Allez, on s’en va. La saison est finie. En échange du vieux Pleyel on nous a offert deux salles neuves, à La Villette et à Radio France. L’Opéra de Paris était moche exprès pour embellir l’aube du nouveau boss, à la rentrée. Ite missa est. Faites la clôture si vous voulez, moi je fais la malle.

Direction le Sud, « terre de festivals ». Des festivals, on en a plein à Paris : rien qui vaille. De l’Ircam (« ManiFeste », jusqu’au 2 juillet) à La Traviata selon Arielle (Dombasle, à partir du 12 juin), le Nord n’est pas propice.

Donc tout le monde descend. À Avignon. En Avignon, comme disent les Parigots, où règne un nouveau pape, Py XIII. (Le Pie d’avant, Pie XII, était un pape romain. Le dernier pape provençal remonte à 1400 mais n’était pas Pie puisqu’il n’y eut jamais de Pie en Avignon).

Py XIII, Olivier de son prénom, est auteur, réalisateur, metteur en scène, acteur, orateur, chanteur, prédicateur, fornicateur, traducteur, triomphateur, administrateur, directeur. Viré de l’Odéon qu’il gouvernait très bien par le ministre Mitterrand sur ordre de Carla Ire, il fut sacré à Avignon par le même ministre qui, du coup, devint le héros de la pièce hilarothérapeuthique Orlando dudit Py l’année dernière. Suivez-vous ?

Ses collègues, à ce que j’ai compris, se demandent c’est quoi. Un missionnaire catholique anti-manif-pour-tous, prétend ma consœur Thérèse. Un gauchiste de droite, soutient le limonadier de l’Odéon. Un prince du théâtre, moi je trouve. Et un paradoxe.

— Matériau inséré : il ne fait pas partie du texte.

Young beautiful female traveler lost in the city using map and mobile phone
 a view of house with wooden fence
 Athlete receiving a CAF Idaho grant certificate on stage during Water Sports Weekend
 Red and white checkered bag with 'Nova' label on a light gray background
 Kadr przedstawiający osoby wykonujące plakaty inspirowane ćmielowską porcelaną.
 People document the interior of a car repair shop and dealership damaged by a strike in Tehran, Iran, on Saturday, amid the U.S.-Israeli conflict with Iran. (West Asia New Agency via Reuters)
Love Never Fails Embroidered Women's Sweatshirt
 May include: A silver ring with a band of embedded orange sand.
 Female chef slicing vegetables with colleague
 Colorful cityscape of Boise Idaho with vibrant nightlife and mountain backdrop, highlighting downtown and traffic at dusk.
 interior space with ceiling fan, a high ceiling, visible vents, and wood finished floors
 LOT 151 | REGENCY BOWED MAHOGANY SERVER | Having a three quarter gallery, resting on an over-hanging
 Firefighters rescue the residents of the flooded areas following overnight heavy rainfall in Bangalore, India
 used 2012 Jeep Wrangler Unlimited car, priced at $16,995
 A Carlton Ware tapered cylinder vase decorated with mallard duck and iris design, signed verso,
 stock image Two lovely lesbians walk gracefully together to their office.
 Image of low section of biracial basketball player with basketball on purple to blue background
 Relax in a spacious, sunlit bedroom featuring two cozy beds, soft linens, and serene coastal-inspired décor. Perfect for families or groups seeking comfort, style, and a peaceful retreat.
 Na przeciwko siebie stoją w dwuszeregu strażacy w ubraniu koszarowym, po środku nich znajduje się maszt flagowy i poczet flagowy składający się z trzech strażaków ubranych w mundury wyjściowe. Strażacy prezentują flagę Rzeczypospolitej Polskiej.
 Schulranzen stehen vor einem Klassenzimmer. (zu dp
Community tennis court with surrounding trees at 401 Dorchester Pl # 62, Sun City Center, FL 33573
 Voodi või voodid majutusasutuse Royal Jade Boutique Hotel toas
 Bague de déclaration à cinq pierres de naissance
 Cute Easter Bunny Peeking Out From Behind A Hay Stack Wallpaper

Il y a quoi, vingt ans ? Olivier Py, pas pape encore, avait monté un spectacle intitulé Apologétique. Le texte, il ne l’avait pas écrit mais trouvé dans les plaquettes de nos théâtres. La plaquette, je rappelle aux zombies qui sortent pas, c’est le programme. En tête de la plaquette, vous avez un édito qui vous explique pourquoi les hommes, les femmes, les morts, Dieu et le Système solaire ont besoin de théâtre. Style : « Le rideau se lève, et dans son envol, il efface le passé. Tout est encore possible, tout peut advenir. » (Vitez ? Mesguich ? Savary ? Devinez.) Qu’on a ri !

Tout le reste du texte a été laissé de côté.